Dunque il fatto su cui sarebbe caduto l’errore revocatorio (omessa notifica di avviso di accertamento alla controllante) ha costituito un punto oggetto di discussione tra le parti, tanto è vero che su di esso si fonda la sentenza della CTR impugnata dall’Agenzia, la quale ha proprio contestato, con il motivo accolto, che il recupero verso la controllante dovesse essere preceduto dalla notifica di avviso di accertamento nei confronti di questa; la Corte ha esaminato questa questione e ha individuato il principio di diritto applicabile, a seguito dell’apprezzamento delle risultanze processuali, dando rilevanza decisiva al fatto che “la controllante presenti, unitamente al prospetto di liquidazione, la propria dichiarazione e quelle delle controllate, di cui fa propri i contenuti tramite la sottoscrizione del proprio legale rappresentante”; la circostanza che la regola sia stata tratta da una pronuncia che si occupava del caso inverso (omessa notifica alla controllata) non dimostra l’errore di fatto revocatorio alla base della decisione ma piuttosto conferma che ci si muove sul piano della valutazione degli atti e dell’interpretazione di norme e dei precedenti giurisprudenziali.

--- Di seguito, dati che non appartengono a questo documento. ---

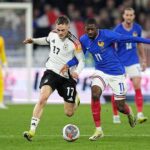 Prediksi Jerman vs Prancis 8 Juni 2025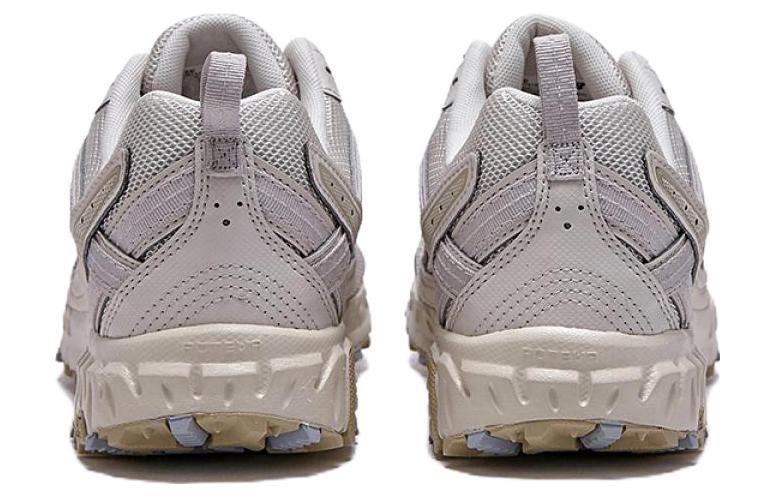 New Balance 410 v5 'Gray Gold' MT410KS5
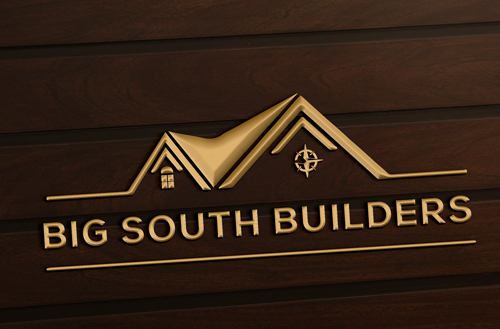 Logo Design by Master Moiz for this project | Design #12035615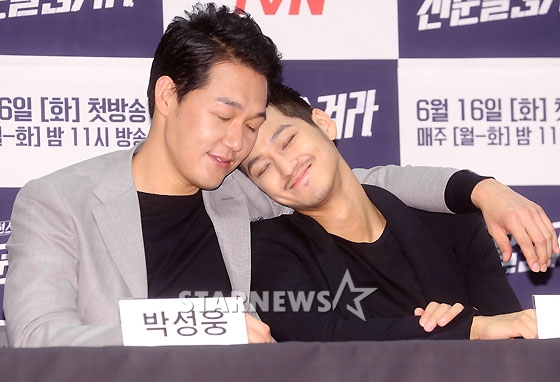 사진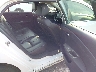1G1ZE5EU1CF****** Destrozados 2012 Chevrolet Malibu en Lexington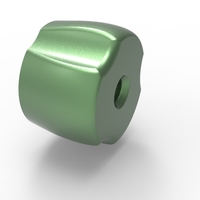 Faucet handle - Thumbnail 18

Se la questione viene traslata dalla percezione di un fatto alla falsa percezione di norme giuridiche, anche se indotta da errata percezione di interpretazioni fornite da precedenti indirizzi giurisprudenziali, bisogna allora ricondurre eventualmete la questione all’error iuris, sia nel caso di obliterazione delle norme medesime (riconducibile all’ipotesi della falsa applicazione), sia nel caso di distorsione dei loro effetti (Cass. n. 4584 del 2020; Cass. n. 29922 del 2011); quindi, esperiti tutti i possibili rimedi apprestati dalla legge, la decisione finale emessa in sede di legittimità è destinata a passare in giudicato, in senso sia formale che sostanziale, senza possibilità – a parte i casi eccezionali previsti dagli art. 395 e 404 c.p.c. – che la stessa sia rimessa in discussione (Cass. n. 14840 del 2000; Cass. n. 27094 del 2011; Cass. n. 9527 del 2019).